• What you will do
In the records that follow, find each line with "Metal" and pull it out.
═══ Provided data ═══
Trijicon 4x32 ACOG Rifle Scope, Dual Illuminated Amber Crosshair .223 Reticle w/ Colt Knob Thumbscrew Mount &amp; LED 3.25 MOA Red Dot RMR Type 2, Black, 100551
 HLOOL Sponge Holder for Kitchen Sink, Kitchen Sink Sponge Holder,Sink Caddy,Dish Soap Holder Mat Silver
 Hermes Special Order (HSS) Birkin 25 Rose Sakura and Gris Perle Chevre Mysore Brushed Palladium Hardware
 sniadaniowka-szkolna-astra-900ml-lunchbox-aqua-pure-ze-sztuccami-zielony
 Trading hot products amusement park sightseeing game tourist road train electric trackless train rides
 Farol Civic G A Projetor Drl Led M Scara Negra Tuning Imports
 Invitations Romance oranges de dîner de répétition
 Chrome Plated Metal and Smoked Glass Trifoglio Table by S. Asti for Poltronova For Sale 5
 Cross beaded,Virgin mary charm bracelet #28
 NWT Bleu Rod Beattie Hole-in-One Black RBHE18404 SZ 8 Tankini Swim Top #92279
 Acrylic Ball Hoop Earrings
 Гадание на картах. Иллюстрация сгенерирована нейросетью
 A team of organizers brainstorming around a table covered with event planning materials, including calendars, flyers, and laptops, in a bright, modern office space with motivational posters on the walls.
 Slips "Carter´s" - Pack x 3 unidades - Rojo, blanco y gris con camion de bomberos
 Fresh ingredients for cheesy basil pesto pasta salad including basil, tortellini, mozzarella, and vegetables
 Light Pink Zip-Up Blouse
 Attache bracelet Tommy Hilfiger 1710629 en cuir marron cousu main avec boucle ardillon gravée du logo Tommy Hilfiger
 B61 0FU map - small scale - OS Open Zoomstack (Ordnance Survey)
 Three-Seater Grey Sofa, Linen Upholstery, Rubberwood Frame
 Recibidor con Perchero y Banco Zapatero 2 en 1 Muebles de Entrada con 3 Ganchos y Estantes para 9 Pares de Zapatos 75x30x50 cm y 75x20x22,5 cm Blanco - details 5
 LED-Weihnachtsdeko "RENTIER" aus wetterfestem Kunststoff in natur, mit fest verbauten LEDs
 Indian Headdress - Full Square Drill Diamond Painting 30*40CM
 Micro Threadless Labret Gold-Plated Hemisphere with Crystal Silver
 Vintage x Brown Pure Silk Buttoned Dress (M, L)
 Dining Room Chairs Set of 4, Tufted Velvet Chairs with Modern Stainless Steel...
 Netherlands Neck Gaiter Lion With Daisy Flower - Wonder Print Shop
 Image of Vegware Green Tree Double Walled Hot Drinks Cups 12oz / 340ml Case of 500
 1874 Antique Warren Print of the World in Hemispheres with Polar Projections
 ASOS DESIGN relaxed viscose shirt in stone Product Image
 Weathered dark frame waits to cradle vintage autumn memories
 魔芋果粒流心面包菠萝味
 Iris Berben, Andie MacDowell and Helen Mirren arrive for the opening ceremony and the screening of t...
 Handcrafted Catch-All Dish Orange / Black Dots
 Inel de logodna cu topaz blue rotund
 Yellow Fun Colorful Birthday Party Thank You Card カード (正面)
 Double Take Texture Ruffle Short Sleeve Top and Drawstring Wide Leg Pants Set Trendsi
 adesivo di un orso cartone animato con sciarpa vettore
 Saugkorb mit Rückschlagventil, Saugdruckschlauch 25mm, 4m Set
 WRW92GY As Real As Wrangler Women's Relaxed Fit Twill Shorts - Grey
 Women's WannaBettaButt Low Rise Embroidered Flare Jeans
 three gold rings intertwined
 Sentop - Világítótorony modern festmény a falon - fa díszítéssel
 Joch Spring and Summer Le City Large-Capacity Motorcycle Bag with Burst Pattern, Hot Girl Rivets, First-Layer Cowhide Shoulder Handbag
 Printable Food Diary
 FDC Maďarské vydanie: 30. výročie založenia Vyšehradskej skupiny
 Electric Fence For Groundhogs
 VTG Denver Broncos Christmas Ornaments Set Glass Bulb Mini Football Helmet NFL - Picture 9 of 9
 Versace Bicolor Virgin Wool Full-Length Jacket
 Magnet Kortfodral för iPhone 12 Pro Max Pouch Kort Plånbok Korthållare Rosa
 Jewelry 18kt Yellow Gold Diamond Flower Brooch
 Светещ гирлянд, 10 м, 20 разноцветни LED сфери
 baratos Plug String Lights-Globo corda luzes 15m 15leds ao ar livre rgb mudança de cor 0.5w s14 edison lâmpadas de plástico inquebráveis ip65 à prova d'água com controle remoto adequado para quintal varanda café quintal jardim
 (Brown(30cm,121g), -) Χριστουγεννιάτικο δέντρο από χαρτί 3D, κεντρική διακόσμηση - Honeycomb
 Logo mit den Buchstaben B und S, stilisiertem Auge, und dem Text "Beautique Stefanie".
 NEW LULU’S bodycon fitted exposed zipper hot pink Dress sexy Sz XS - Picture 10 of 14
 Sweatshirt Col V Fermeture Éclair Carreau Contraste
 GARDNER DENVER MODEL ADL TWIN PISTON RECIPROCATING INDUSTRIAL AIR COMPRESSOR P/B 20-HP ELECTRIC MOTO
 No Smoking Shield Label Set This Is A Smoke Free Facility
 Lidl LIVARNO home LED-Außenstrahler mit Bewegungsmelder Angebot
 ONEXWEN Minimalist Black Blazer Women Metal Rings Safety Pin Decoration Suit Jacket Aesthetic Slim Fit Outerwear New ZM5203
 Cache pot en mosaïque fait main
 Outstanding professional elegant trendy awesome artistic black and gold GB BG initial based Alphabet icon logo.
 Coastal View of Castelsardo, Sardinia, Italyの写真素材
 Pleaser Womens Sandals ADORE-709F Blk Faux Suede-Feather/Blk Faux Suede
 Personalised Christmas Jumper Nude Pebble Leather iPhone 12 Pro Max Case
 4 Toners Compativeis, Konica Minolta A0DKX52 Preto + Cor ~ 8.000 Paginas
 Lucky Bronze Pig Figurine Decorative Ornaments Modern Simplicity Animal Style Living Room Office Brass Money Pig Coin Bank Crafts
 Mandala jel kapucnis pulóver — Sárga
═══
• Task solution
 Chrome Plated Metal and Smoked Glass Trifoglio Table by S. Asti for Poltronova For Sale 5
 ONEXWEN Minimalist Black Blazer Women Metal Rings Safety Pin Decoration Suit Jacket Aesthetic Slim Fit Outerwear New ZM5203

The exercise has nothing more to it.